The project, ‘Translational nanoconstructs for targeted tissue accumulation and guided surgery in cancer’, will see researchers develop a multimodal nanoparticle system to target rapidly growing and invasive colorectal cancer cells.

Professor Mark Green, from the Department of Physics, explained:

“What we’ve done is take the light emitting components from OLED TVs, which are polymers or plastics which luminesce when used with electricity in the TV and repurposed them to emit light in biologic systems – including human bodies.

“They work so well in TVs because they’re so bright and last for thousands of hours, which is a vast improve on the current light emitting technology used to detect cancer or other disease, which lasts only a fraction of that time, leading to incomplete or incorrect diagnoses.

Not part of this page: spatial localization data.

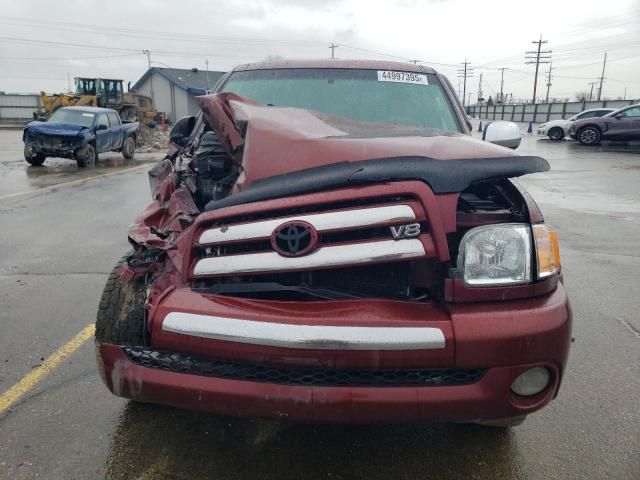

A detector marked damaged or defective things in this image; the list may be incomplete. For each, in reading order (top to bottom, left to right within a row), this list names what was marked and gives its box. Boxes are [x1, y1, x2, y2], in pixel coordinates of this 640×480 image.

crumpled hood [199, 93, 524, 190]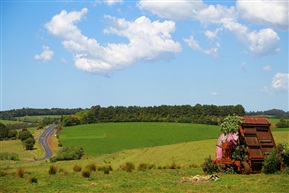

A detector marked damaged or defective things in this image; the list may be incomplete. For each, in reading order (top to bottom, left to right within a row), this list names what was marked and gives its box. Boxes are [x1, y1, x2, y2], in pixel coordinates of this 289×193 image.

rusty metal structure [212, 117, 274, 174]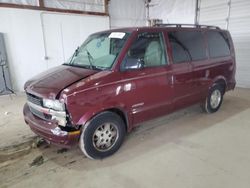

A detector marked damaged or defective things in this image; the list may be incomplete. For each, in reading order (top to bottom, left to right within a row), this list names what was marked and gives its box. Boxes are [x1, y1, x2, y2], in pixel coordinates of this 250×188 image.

damaged front bumper [23, 103, 80, 148]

“The polymers will be curled up into protein sized balls – nanoparticles - and made soluble in water, an essential step to make them biological compatible. We will then add targeting to drag the polymer nanoparticles to the cancer site and make them glow when attached or sucked up by the tumour.

“As they continue to emit light for long periods, surgeons will be able to take their time in removing cancerous tissue targeted by the particles.”

Once developed, the new technology has the potential to not only improve the precision of surgery, reducing recurrence of the disease, but also to enhance diagnosis and surveillance of colorectal cancer.

It could also revolutionise the diagnosis and treatment of other cancers. Professor Green said: 

We can play around with the kind of polymer used – there’s one used in solar cells which produces light in the near infra-red region - just beyond where our eyes can see, but where skin and blood are transparent. Meaning that with special cameras, we can look deep into the body and find cancers not easily detected. It’s hugely rewarding to see this technology, which over the last 20 years has been in development both inside and outside of King’s, starting to emerge as genuinely important diagnostic and treatment tools against a range of diseases. We’re excited working with world-leading researchers to develop these next generation materials, continuing the fight against cancer.